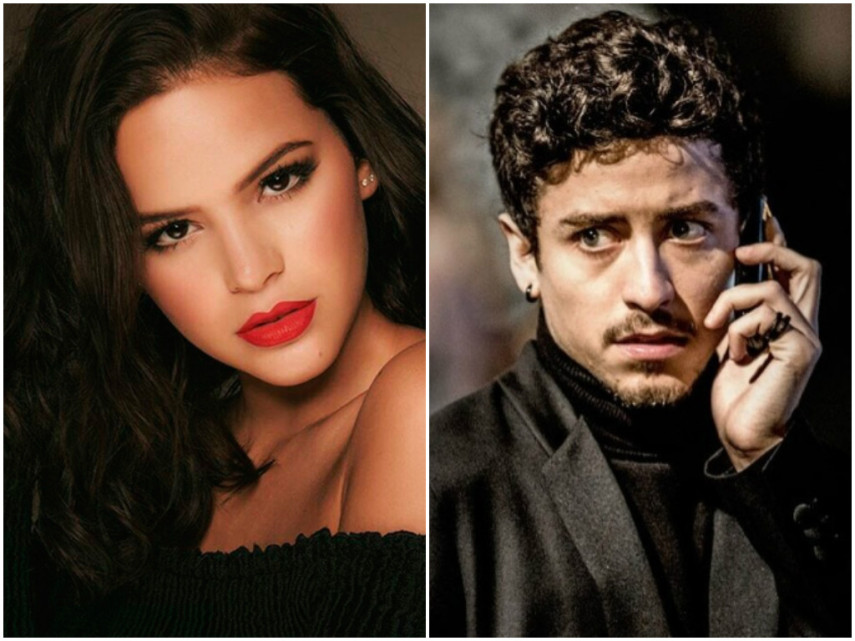 Bruna Marquezine já disse que seu boy crush era o ator Jesuíta Barbosa. 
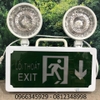 đèn cảnh báo sự cố kết hợp đèn exit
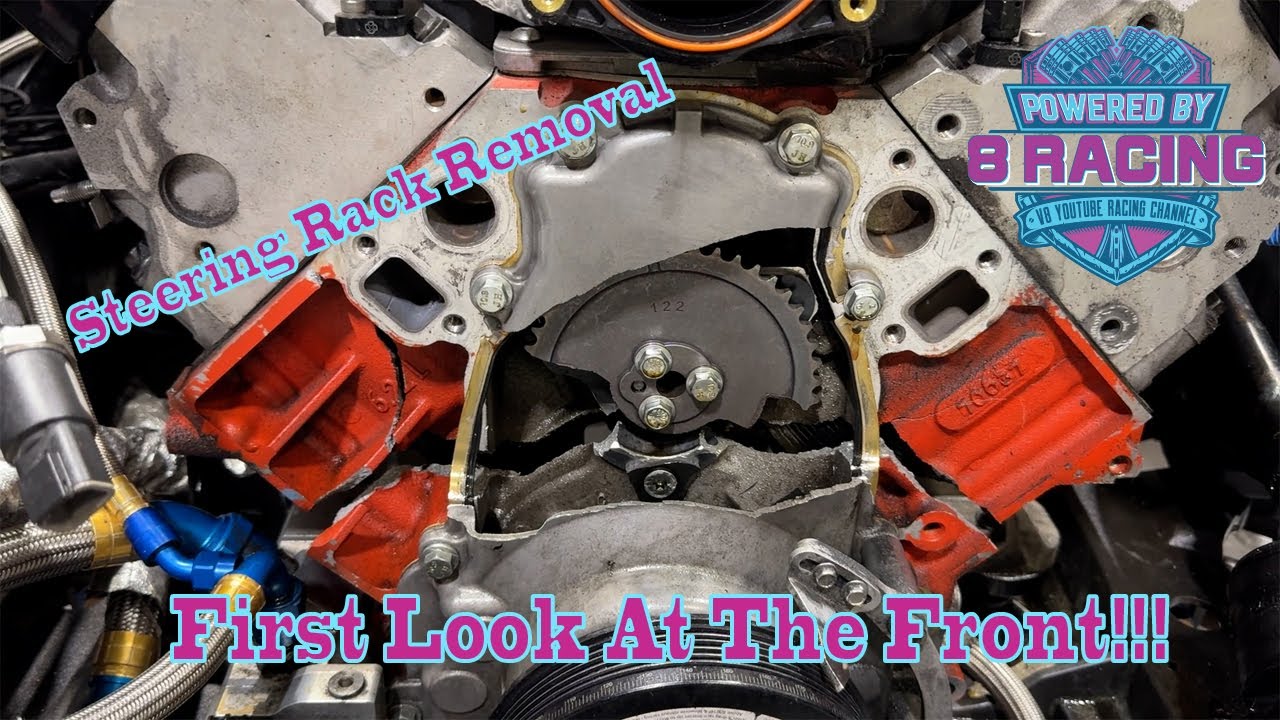 Steering Rack Removal and Cracked Block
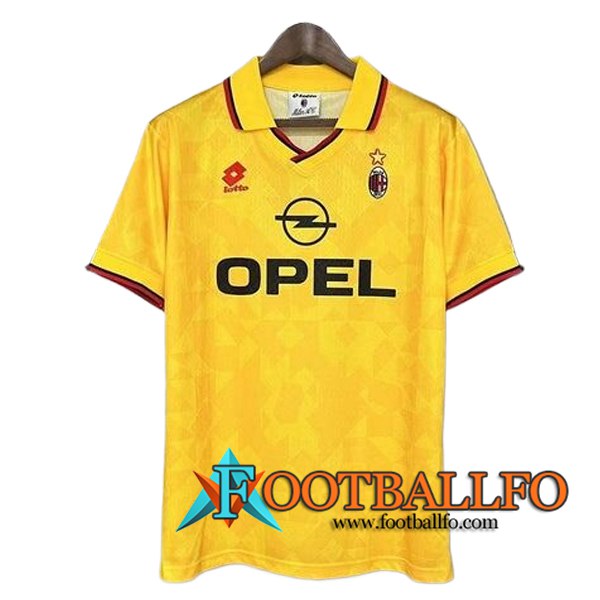 Camisetas De Futbol AC Milan Retro Tercera 1995/1996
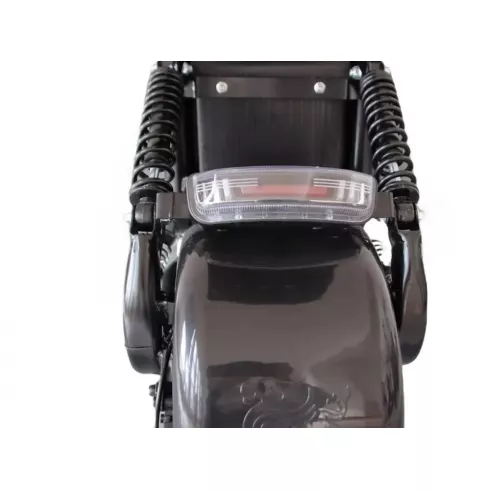 Электроскутер Kugoo Kirin C3 (черный)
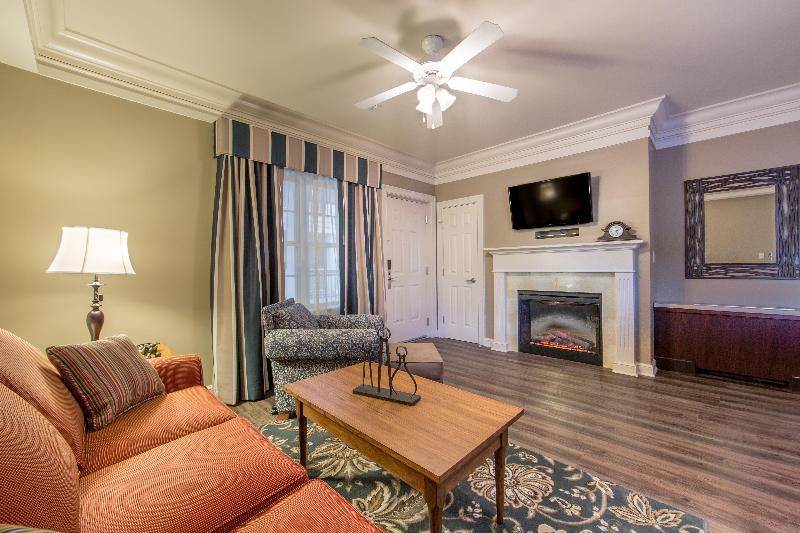 デラックスルーム, Holiday Inn Club Vacations Williamsburg Resort, An Ihg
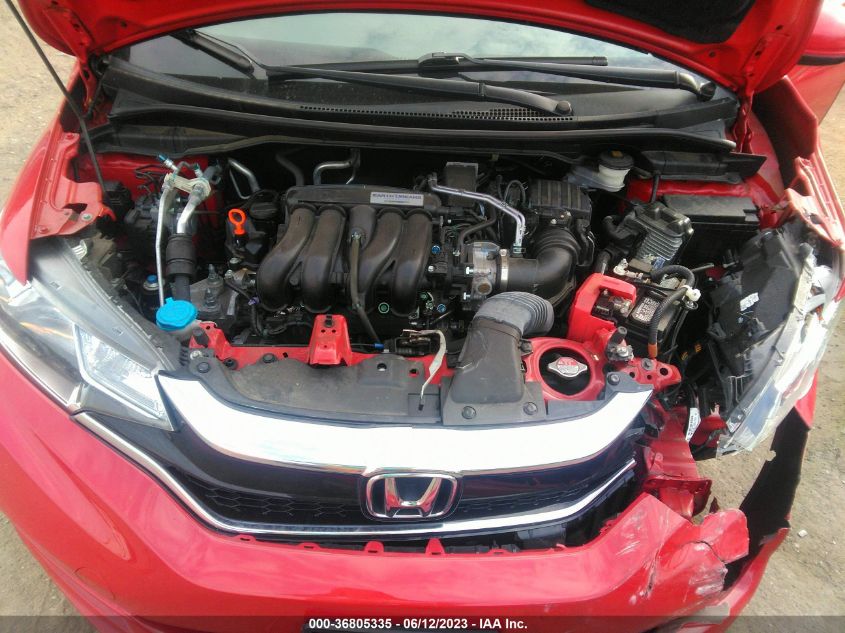 2019 HONDA FIT LX - 3HGGK5H43KM749485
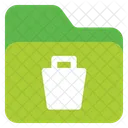 Trash Folder  Symbol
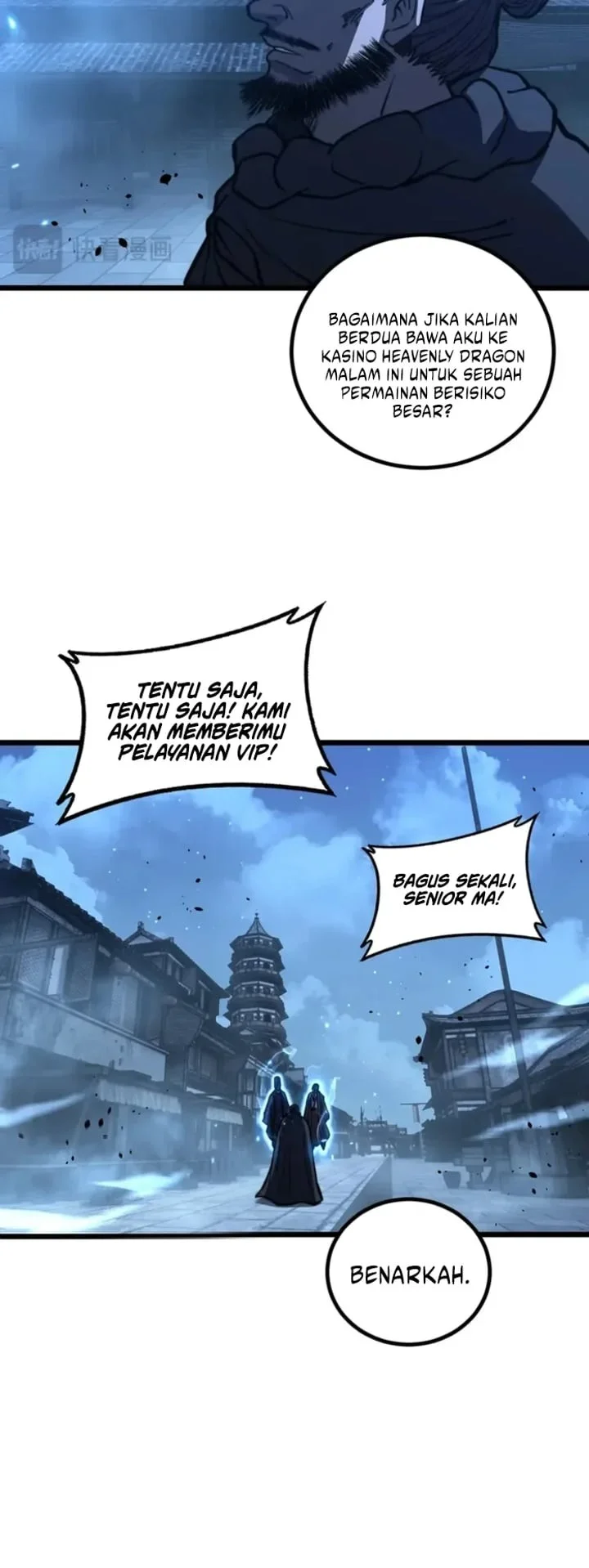 Snake Immortal: The Tale of a Snake’s Cultivation to Immortality Chapter 82 Gambar 16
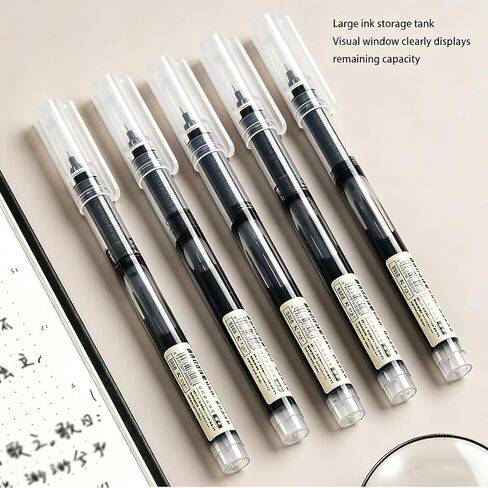 Gel Pens, 0.5mm Ink Pens Smooth Writing Pens, Quick Dry Ink Pens, Set of 10 (Red 10PCS) in Saudi Arabia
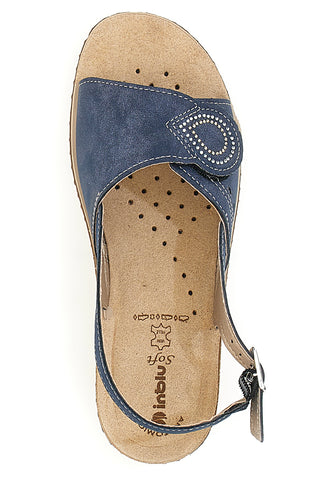 Sandali Slingback Inblu 2686 Navy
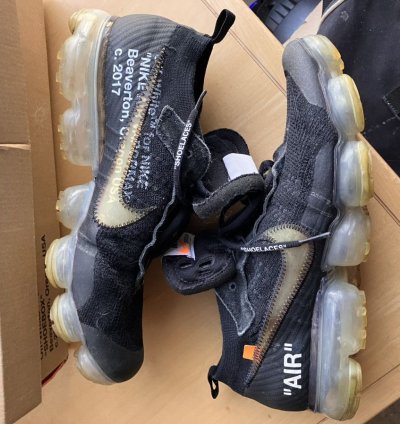 2018 Off-white Vapormax The Ten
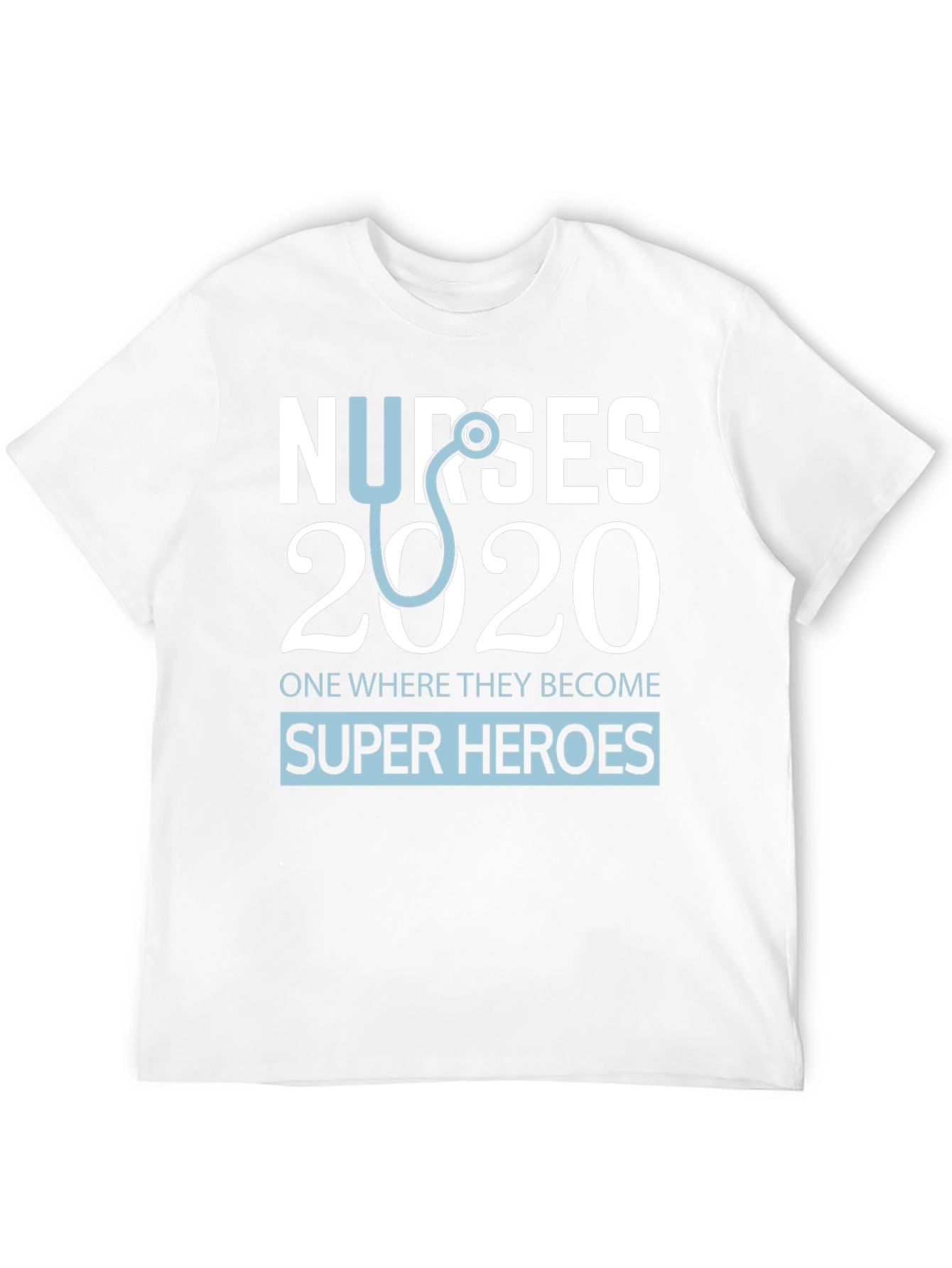Nurses 2020 Super Hero T-Shirt
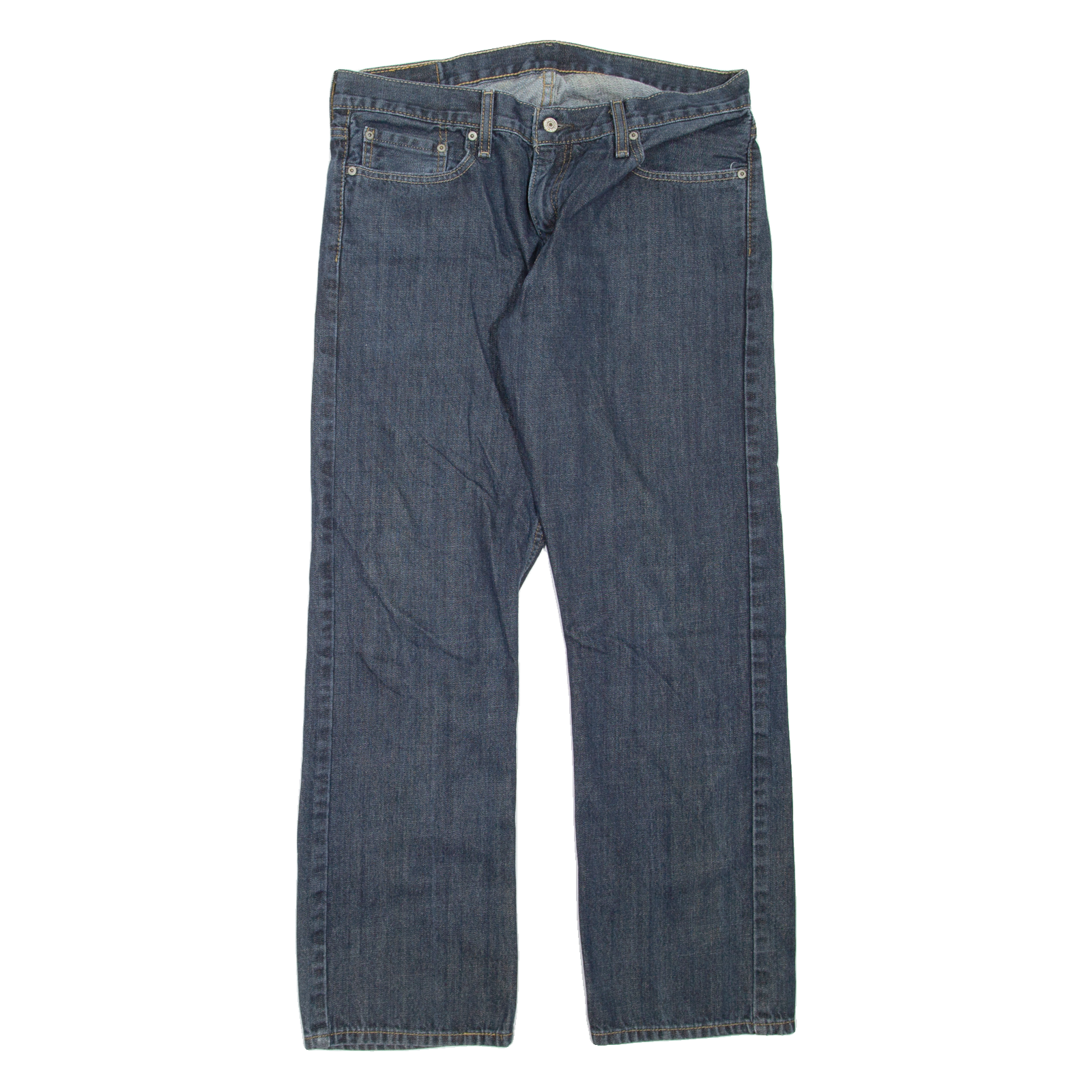 LEVI'S 514 Jeans Mens Blue Slim Straight W36 L32 Refurbished - N/A refurbished available on Cerqular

===============

What needs to be done
Return exactly the lines from the one containing "Snake Immortal: The" through the end of the records, leaving out every picture.

Exercise result
 Snake Immortal: The Tale of a Snake’s Cultivation to Immortality Chapter 82 Gambar 16
 Gel Pens, 0.5mm Ink Pens Smooth Writing Pens, Quick Dry Ink Pens, Set of 10 (Red 10PCS) in Saudi Arabia
 Sandali Slingback Inblu 2686 Navy
 2018 Off-white Vapormax The Ten
Nurses 2020 Super Hero T-Shirt
 LEVI'S 514 Jeans Mens Blue Slim Straight W36 L32 Refurbished - N/A refurbished available on Cerqular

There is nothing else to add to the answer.